Forecasting has been used to predict elections, climate change, and the spread of COVID-19. Poor forecasts led to the 2008 financial crisis. In our daily lives, good forecasting ability can help us plan our work, be on time to events, and make informed career decisions. This practically-oriented class will provide students with tools to make good forecasts, including Fermi estimates, calibration training, base rates, scope sensitivity, and power laws.

Statistics majors pursue many different careers.

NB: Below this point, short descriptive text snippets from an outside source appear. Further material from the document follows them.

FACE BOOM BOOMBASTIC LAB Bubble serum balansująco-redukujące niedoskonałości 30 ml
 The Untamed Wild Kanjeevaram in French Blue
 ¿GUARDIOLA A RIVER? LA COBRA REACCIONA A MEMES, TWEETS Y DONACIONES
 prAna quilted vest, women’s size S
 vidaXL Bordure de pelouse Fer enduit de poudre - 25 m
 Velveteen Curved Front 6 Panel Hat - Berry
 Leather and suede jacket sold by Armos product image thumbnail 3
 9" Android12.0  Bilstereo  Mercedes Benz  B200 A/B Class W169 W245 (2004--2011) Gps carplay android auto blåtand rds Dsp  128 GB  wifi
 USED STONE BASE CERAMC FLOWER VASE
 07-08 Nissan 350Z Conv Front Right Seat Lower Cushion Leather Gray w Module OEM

Some go to graduate programs in Statistics or other mathematical or scientific disciplines, some to MBA programs, some become actuaries, some go into teaching, and some into industry or government.

The major has a great deal of flexibility for students to acquire the skills and knowledge to take the next step, through upper-division electives and a mandatory three-course "cluster" outside the department. Many Statistics majors are double and triple majors; quantitative upper-division courses in their other majors are often suitable for the cluster.

Students intending to pursue graduate work in Statistics are encouraged to take Mathematics courses for their cluster.

Students intending to become actuaries can take courses in Economics and Demography, and are encouraged to take Statistics 151A, 152 and 153 for their electives. Some of these count towards "Validation by Educational Experience."

There is a special track for students who intend to become teachers. Such students take four Mathematics courses to prepare them for teaching a broader Mathematics curriculum, and are required to take only two upper-division Statistics elective courses.

Students interested in MBA programs are encouraged to take Business or Economics courses for their cluster, and to take Statistics 151A, 153 and either 152 or 155 as their upper-division electives.